• WORK REQUEST: Among the entries that follow, locate the line with "Moradia T3 para" and the line with "Aggiungere la salsa". Output those lines and all lines in between, exactly, minus the pictures.

• PROVIDED DATA:
======

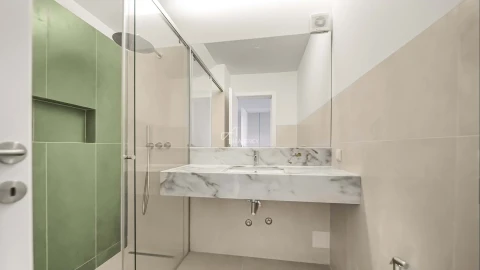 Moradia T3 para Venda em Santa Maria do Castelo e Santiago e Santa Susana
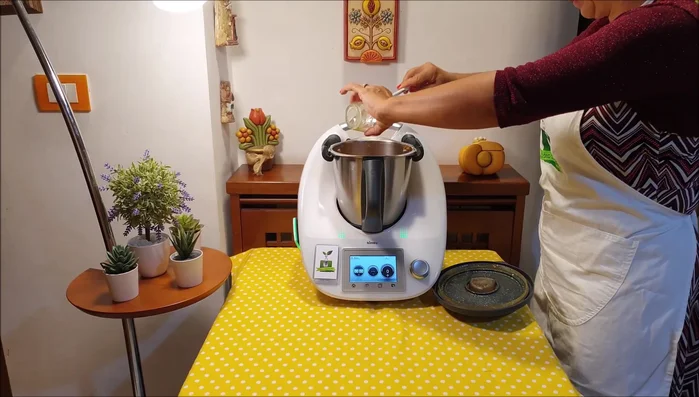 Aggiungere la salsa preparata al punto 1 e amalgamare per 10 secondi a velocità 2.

======

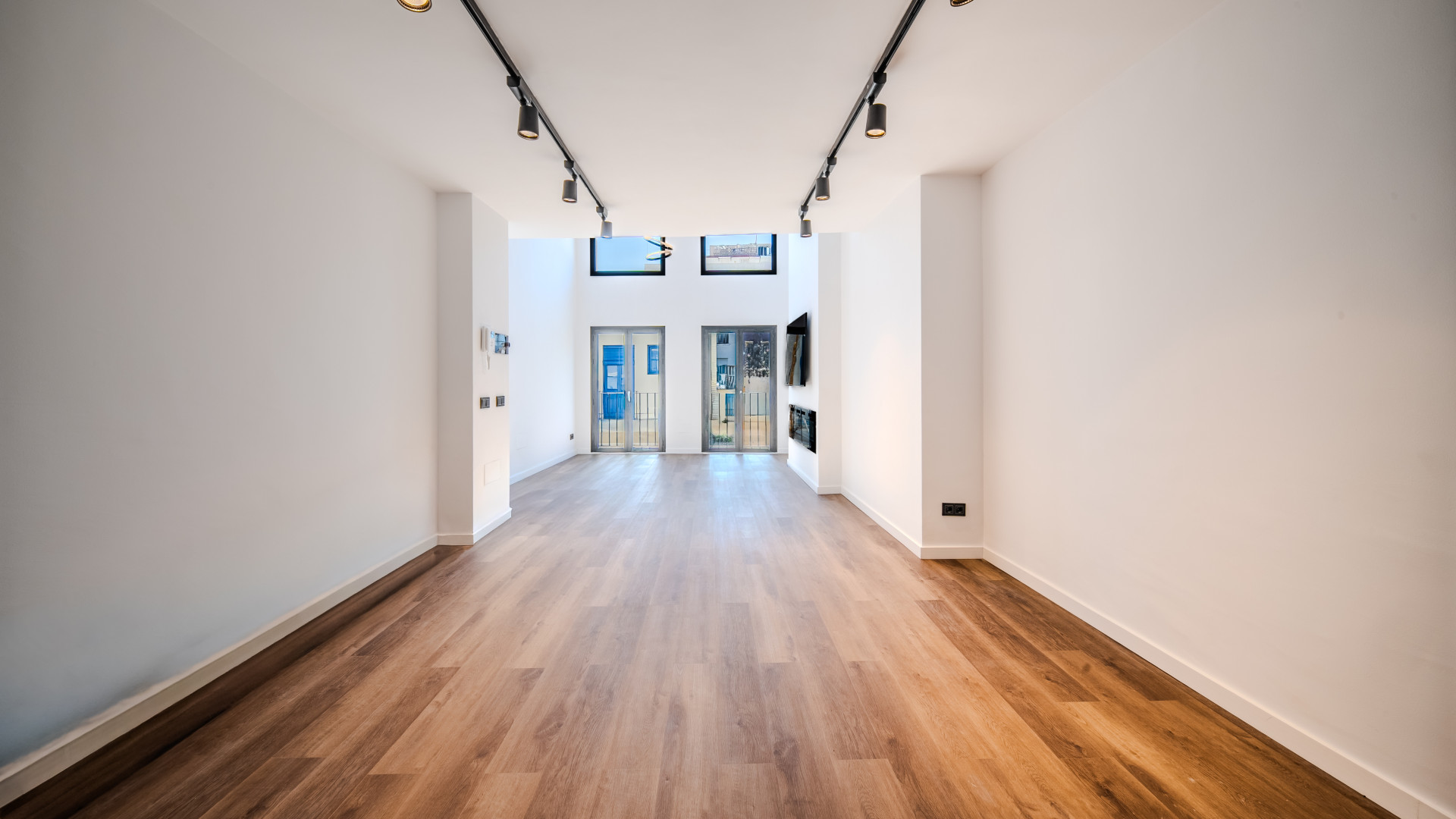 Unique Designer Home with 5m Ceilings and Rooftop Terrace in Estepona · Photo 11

======

• TASK SOLUTION:
 Moradia T3 para Venda em Santa Maria do Castelo e Santiago e Santa Susana
 Aggiungere la salsa preparata al punto 1 e amalgamare per 10 secondi a velocità 2.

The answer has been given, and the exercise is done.